Configuring the encryption keys settings
These settings are optional.
You can configure the DS-System policy regarding DS-Client encryption keys. This determines if an encrypted copy of the keys is stored in the DS-System database.
If you enable this option, the customer must also configure the option from the DS-Client side. (For more information, see the DS-Client User Guide.)
NOTE: Encryption keys are stored in the DS-System database in an encrypted format. The keys can be used for various tasks, such as creating DS-Client .CRI (Customer Registration Information) files or running system validation on backed up files. Customers should note the security implications.
To configure DS-Client encryption key management:
1. On the Setup menu, click Configuration. The DS-System Configuration dialog box appears on the Defaults tab.
2. Click Encryption Keys.
3. To activate this feature, select Enable DS-Client Encryption Key Management. Configure the following:
• Mandatory Encryption Key Management — DS-System forces all DS-Clients to enable this feature from the first connection.

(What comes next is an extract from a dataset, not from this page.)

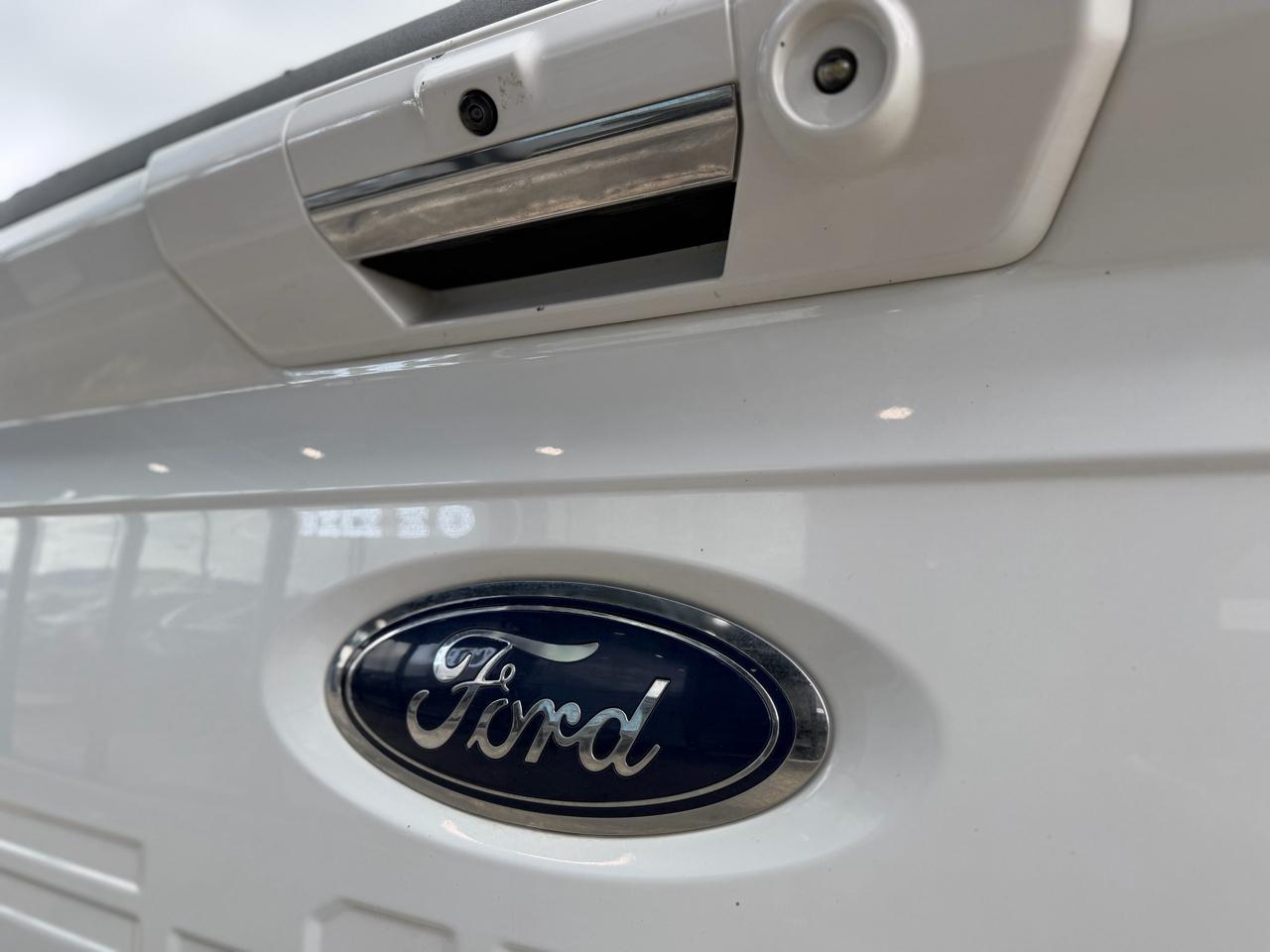 Ford F-150 Lariat 4WD SuperCrew 6.5' Box 2023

No activities will be allowed until it is enabled on the DS-Client side.
• Forward DS-Client Encryption Keys to BLM Archiver — DS-System also forwards a copy of the keys to the BLM Archiver so they are available in the archive package for validation purposes, and can be exported if required. They will be stored or removed in parallel with the copy in the DS-System database. (This is mainly a double-redundancy feature.)
• Clear All Existing DS-Client Encryption Keys — If you clear the Enable DS-Client Encryption Key Management box, you can choose to clear all existing DS-Client encryption keys from the DS-System database. This will take effect immediately when you click OK or Apply.
4. Click OK or Apply to save the settings.